Capital had to convince us that it is a natural, unavoidable and even fulfilling activity to make us accept unwaged work. In its turn, the unwaged condition of facebook has been a powerful weapon in reinforcing the common assumption that facebook is not work, thus preventing us from struggling against it. We are seen as users or potential friends, not workers in struggle. We must admit that capital has been very successful in hiding our work.
By denying our facebook time a wage while profiting directly from the data it generates and transforming it into an act of friendship, capital has killed many birds with one stone. First of all, it has got a hell of a lot of work almost for free, and it has made sure that we, far from struggling against it, would seek that work as the best thing online.
The difficulties and ambiguities in discussing wages for facebook stem from the reduction of wages for facebook to a thing, a lump of money, instead of viewing it as a political perspective. The difference between these two standpoints is enormous. To view wages for facebook as a thing rather than a perspective is to detach the end result of our struggle from the struggle itself and to miss its significance in demystifying and subverting the role to which we have been confined in capitalist society.
If we take wages for facebook as a political perspective, we can see that struggling for it is going to produce a revolution in our lives and in our social power. Not only is wages for facebook a revolutionary perspective, but it is a revolutionary perspective from a contemporary viewpoint that points towards class solidarity.

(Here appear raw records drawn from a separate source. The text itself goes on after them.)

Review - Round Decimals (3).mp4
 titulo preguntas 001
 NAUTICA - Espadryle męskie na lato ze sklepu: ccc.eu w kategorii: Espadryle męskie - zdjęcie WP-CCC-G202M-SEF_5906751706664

It is important to recognize that when we speak of facebook we are not speaking of a job as other jobs, but we are speaking of the most pervasive manipulation, the most subtle and mystified violence that capitalism has recently perpetrated against us. True, under capitalism every worker is manipulated and exploited and his/her relation to capital is totally mystified.
The wage gives the impression of a fair deal: you work and you get paid, hence you and your boss are equal; while in reality the wage, rather than paying for the work you do, hides all the unpaid work that goes into profit. But the wage at least recognizes that you are a worker, and you can bargain and struggle around and against the terms and the quantity of that wage, the terms and the quantity of that work.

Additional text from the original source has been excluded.